Is the end near?

I am seeing reports of 7.7 on the Italian ten-year bond, over eight percent on the two-year bond, 6.5 percent on the six-month note, and so on.  Here is one account.

Maybe these markets simply will shut down soon.  There is so much talk about what the Germans should do, but I don’t see the viable options.  With Germany’s own credit status now in doubt, eighty percent debt to gdp ratio, massive welfare state, and unfavorable demographics, are they supposed to endorse — going to endorse — ten or fifteen percent price inflation for a few years’ time, all with no guarantee of reforms in the economically weaker countries?  And is that inflation then followed by a subsequent deflation?  Or does it continue forever?  And would Germany have to move to a regime of wage flexibility for the professions too?  How politically feasible is that?  I don’t see how the Germans benefit from going down this road, even if you think, as I do, that the alternatives are quite dire.
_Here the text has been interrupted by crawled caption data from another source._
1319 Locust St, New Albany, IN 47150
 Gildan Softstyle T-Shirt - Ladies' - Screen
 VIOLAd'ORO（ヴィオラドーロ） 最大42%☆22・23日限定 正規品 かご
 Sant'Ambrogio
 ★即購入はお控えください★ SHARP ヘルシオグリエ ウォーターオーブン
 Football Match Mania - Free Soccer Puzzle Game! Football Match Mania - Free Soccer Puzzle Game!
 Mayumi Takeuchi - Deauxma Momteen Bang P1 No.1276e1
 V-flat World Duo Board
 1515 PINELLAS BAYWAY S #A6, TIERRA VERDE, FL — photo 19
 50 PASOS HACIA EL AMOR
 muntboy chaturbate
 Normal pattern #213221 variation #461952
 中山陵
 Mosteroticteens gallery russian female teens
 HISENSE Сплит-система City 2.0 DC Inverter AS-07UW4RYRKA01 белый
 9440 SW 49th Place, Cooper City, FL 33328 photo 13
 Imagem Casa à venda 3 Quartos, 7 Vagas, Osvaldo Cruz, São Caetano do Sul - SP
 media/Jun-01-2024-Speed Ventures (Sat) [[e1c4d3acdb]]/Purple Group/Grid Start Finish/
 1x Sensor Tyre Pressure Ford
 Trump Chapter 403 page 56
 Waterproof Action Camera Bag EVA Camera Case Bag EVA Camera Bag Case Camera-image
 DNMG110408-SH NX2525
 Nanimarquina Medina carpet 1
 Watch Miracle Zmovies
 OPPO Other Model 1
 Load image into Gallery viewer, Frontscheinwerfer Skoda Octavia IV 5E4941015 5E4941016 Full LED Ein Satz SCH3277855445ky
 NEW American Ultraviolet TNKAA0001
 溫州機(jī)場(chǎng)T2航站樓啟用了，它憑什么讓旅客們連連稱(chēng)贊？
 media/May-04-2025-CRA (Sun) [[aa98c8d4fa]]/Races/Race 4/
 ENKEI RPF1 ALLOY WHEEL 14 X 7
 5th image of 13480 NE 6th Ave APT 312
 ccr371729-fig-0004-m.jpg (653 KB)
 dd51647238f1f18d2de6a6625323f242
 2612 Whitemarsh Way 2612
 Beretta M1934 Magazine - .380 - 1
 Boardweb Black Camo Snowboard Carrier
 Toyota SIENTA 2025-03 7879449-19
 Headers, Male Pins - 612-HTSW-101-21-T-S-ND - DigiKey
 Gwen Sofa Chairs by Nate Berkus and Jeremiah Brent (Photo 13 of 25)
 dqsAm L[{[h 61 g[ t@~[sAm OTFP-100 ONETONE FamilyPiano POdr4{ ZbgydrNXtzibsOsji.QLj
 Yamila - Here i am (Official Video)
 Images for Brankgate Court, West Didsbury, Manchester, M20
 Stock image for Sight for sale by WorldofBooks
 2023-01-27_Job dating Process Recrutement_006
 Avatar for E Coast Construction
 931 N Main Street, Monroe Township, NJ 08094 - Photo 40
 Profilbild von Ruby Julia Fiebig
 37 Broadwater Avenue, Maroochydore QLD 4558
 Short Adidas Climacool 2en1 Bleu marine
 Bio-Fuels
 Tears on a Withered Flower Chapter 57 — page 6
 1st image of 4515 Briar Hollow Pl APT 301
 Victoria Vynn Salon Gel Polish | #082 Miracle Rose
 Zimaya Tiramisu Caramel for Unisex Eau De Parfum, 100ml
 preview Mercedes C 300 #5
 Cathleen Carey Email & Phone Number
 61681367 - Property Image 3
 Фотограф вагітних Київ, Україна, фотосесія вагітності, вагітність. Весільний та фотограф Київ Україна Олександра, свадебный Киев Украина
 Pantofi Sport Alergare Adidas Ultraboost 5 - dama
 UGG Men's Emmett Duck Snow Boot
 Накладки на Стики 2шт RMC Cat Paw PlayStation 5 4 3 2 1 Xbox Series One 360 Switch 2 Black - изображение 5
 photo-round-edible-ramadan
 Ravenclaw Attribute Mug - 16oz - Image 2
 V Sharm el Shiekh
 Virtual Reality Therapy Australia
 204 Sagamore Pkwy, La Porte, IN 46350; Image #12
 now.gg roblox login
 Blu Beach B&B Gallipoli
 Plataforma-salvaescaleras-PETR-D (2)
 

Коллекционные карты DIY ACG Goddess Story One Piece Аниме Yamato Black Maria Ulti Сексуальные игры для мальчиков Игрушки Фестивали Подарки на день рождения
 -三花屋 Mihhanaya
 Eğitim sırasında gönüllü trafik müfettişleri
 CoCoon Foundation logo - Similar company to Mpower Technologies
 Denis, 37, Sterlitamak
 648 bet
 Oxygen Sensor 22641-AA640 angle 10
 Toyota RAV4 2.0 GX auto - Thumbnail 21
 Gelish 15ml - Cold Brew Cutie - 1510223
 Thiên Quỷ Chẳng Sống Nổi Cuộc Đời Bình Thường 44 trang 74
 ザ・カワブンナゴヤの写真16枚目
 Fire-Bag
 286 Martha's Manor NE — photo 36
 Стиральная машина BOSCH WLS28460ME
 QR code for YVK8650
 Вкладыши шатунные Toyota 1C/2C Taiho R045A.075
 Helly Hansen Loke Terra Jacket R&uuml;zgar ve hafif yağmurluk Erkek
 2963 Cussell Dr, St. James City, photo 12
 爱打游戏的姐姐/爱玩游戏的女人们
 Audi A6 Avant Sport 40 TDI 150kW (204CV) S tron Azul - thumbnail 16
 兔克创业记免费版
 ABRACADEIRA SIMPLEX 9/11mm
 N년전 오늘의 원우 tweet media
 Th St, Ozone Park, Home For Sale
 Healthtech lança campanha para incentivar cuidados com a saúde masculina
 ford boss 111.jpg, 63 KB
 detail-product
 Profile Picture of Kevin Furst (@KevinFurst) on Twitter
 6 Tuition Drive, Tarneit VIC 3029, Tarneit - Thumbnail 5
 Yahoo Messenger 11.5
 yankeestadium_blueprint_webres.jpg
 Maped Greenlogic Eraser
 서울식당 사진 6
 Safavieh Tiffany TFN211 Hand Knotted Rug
Honduras is doing much worse than Portugal, and is a much smaller country.  I don’t see the United States even considering significant aid to Honduras.  If you’re going to play the “who is in a formal political agreement?” card, note that the current EU agreement explicitly specifies that, fiscally speaking, countries are pretty much on their own.

The motto “no monetary union without a fiscal union” isn’t wrong, but more to the point is “no fiscal union without a common electorate.”

I don’t see anybody who has put a successful reform option on the table.  I do see a lot of articles and Op-Eds trying to create a moral equivalence between Germany and the periphery, followed by proposals which ignore the question of what is a sustainable political equilibrium in Germany.  Germany can’t just plop down the money, or turn on the monetary spigot, and get back to where it was.